The ACA is still in place at a federal level.


You can stay up to date on how your state is implementing the ACA by visiting NCSL’s website, where this tracker allows you to see which states have adopted ACA-related Medicaid expansions.


Check to see if your state is one of 20 whose attorneys general filed a legal challenge against the ACA in February 2018.  


Research your elected representatives’ positions on the law and his or her vision for how to tackle the healthcare challenges facing Americans at large and your community specifically.

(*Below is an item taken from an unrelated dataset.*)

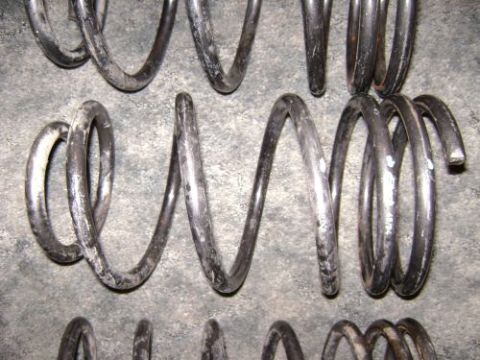 1991 Ford Taurus - Several used coil springs are shown, with some white markings visible on one of them.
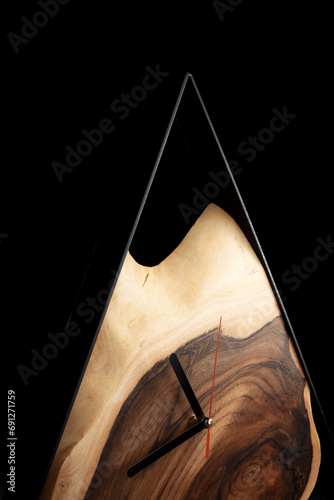 Wooden triangular wall clock on dark grey background. Luxurious accessories for home, office or restaurant made of wood and epoxy in loft style. Business style background.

Thought Leaders in Healthcare

  • Grace-Marie Turner is president of the Galen Institute, a think tank devoted to promoting free-market healthcare ideas. She also convenes the Health Policy Consensus Group, which provides a forum for free-market healthcare analysts from numerous organizations to work together and produce consensus policy recommendations.
  • Sally Pipes is the president and CEO of the Pacific Research Institute in San Francisco. She is the author of numerous articles and books on healthcare policy, including this short broadside that makes the case for dismantling Obamacare piece-by-piece and replacing it with a market-oriented healthcare system–a system that removes many of the government-made distortions of the pre-Obamacare policy landscape and creates room for innovation and a functioning market. A Canadian by birth, Ms. Pipes sees clearly that the U.S. is making familiar mistakes, and she provides thoughtful critiques and policy alternatives that should serve as off-ramps on our march toward total government control of our healthcare system.
  • James Capretta is a free-market healthcare policy expert at the Ethics and Public Policy Center and the American Enterprise Institute. He spent years in the U.S. House, Senate, and George W. Bush administration working on healthcare issues, and is widely-regarded as the go-to expert on Obamacare and its alternatives. He lays out many of his ideas in this essay.
  • Yuval Levin is the editor of National Affairs, the widely-respected and influential quarterly journal of conservative ideas. Levin draws upon a deep background of practical experience as a White House and congressional staffer, but he is primarily regarded as a formidable public intellectual. Although he is expert in most domestic policy issues, his writing on healthcare is particularly good, and his writing appears in many leading newspapers and conservative publications.



Questions for Discussion

  • Is there a right to healthcare and health insurance? If so, what is the best way to secure that right?
  • Are individuals or the government better equipped to make healthcare decisions?
  • Which should be a higher priority for policymakers? Increasing insurance coverage rates, controlling healthcare costs, or improving the quality of medicine?
  • How have changes in the healthcare marketplace affected you and your family?  What changes would you like to see made?